Ahora que la sordera se ha instalado en el humano como apéndice adherido a la evolución. Cuando las lesiones en los dedos y en el túnel carpiano encabezan las consultas médicas, por el imán que comparten las manos con la fauna tecnológica, llega la esperanza de una nueva manera de volver. Descabezados del hacer pueblo que nos enseñaron los abuelos cuando hablaban del vecino como casi hermano, Dinamarca ha troquelado una vuelta a aquello de una forma menos natural pero con el encanto de darle pódium a la escucha. Hace 25 años abrió una «biblioteca humana» desde la que pedir prestados nombres y apellidos, de piel más que de huesos, con algo que contar. Y así, escuchando, vio que el rechazo y la discriminación hacia el otro, se reconvertían en ternura y aceptación.

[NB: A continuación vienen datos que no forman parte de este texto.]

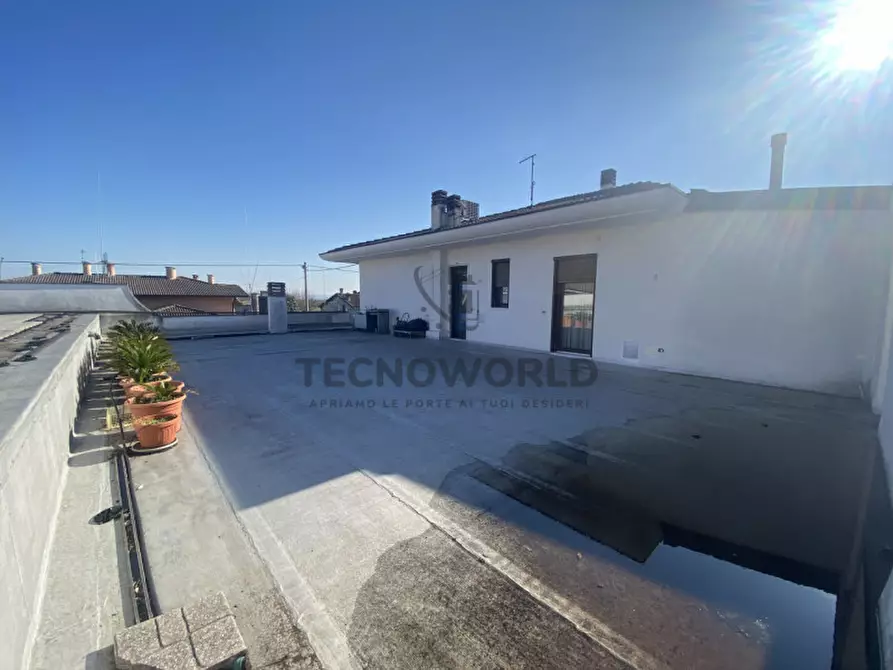 Immagine 18 di Laboratorio in vendita  in VIA VEGRI a Zanè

Ochenta países se han envenenado de la dosis danesa de socialización con esa media hora de empréstito de vidas.
En cualquier recoleta biblioteca berciana, me imagino tres mesas vacías en las que dos sillas anuncian una conversación. Me gustaría colocar las piezas para poder entender qué retiene a una maltratada cuando no hay más que bofetadas en su historia sin mudanza. Qué hay en la cabeza de un trastorno que se instala en alguien afín, o lo que supone la dominación de algo que no tiene vida hasta que se inyecta en una vena. Ocupo la silla y rompo la sordera en la biblioteca humana que imagino para leer escuchando.
-No había nada más que oscuridad. Un golpe seco lo apagó todo. Conocía a qué sabía el dolor salido de sus manos cerradas. Lo masticaba cada día, viendo aquel cuerpo engrosado por el alcohol y la mala hostia acercarse a mí por un camino de insultos. Me dejó ciega de un puñetazo. Y supe que lo había estado antes…que era justo ahora cuando empezaba a ver.

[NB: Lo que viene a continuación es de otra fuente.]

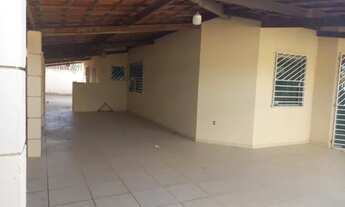 Imagem 3: Casa Próximo a Nóide Cerqueira e parque de exposições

-Paseaba a puerta cerrada siempre. No podía llegar a tocar el pomo de la puerta. Era como si tuviera electricidad. Recuerdo cada uno de los 20 pasos que había de mi habitación al pasillo. Si me sobraba alguno, me parecía que algo iba mal, y en mi guarida no me permitía que nada fuera mal. Era mi refugio. Si los pasos no cuadraban, temblaba. Ya había entrado la maldad que me esperaba de puertas hacia afuera dentro.
-Dejé de sentir. Solo quería más tiempo con esa sensación de bienestar impuesta por la heroína que me dejaba ciego. Lo demás eran reproches, gritos. Cuando ponía un pie en la realidad, aquello se volvía el infierno. Había confundido dónde poner el purgatorio. No sabía que estaba en él y que me faltaba un pico para lanzarme al vacío.